4 questions regarding the structure of LSTM_autoencoder

[hellojinwoo]

Hello, Mr. Ranjan. Thanks for your great article LSTM Autoencoder for Extreme Rare Event Classification in Keras and code on the github. While reading your code, however, I came up with 3 questions.

I decided to ask you questions here rather than on medium because I can upload pictures and quote codes more accurately here. Hope you are okay with this.

Q1. Why ‘return_sequences=True’ for all the LSTM layers?

Back up explanations

1. I think LSTM autoencoder is very similar to seq2seq model : In Autoencdoer , input data is squeezed into a single latent vector with smaller length than the original input. In seq2seq model the same thing happens with an input sequence and a fixed-length vector.

< Figure 1. seq2seq model : Encoding - Decoding model >

2. In the encoding stage, what a model needs to do is making a fixed-length vector(a latent vector) which contains all the information and time-wise relationships of the input sequence.
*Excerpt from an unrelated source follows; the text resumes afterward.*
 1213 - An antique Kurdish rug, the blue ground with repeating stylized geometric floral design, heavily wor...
In decoding step, a model’s goal is to create an output that is as close as possible to the original input.

3. So my guess is that in the encoding stage, we do not need outputs as in the figure 1, as the autoencoder model's only goal is to make a hidden latent vector well. The little MSE the output created from the latent vector in the decoding stage has with the input data, the better the latent vector is.
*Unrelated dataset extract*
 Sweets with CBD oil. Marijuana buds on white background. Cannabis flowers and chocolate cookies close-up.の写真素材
4. Doesn’t it mean that we can make ‘return_sequences = False’, which does not print out the outputs in the encoding stage?

Q2. What would be the first hidden state (h0, c0) for the decoding stage?

Back up explanations

1. According to the code, the hidden latent vector is repeated for timesteps as in lstm_autoencoder.add(RepeatVector(timesteps)) This means that the latent vector would be fed to the decoder as an input in the decoding stage. Below is the code snippet.

lstm_autoencoder = Sequential()

# Encoder
lstm_autoencoder.add(LSTM(timesteps, activation='relu', input_shape=(timesteps, n_features), return_sequences=True))
lstm_autoencoder.add(LSTM(16, activation='relu', return_sequences=True))
lstm_autoencoder.add(LSTM(1, activation='relu'))
lstm_autoencoder.add(RepeatVector(timesteps))

# Decoder
lstm_autoencoder.add(LSTM(timesteps, activation='relu', return_sequences=True))
lstm_autoencoder.add(LSTM(16, activation='relu', return_sequences=True))
lstm_autoencoder.add(TimeDistributed(Dense(n_features)))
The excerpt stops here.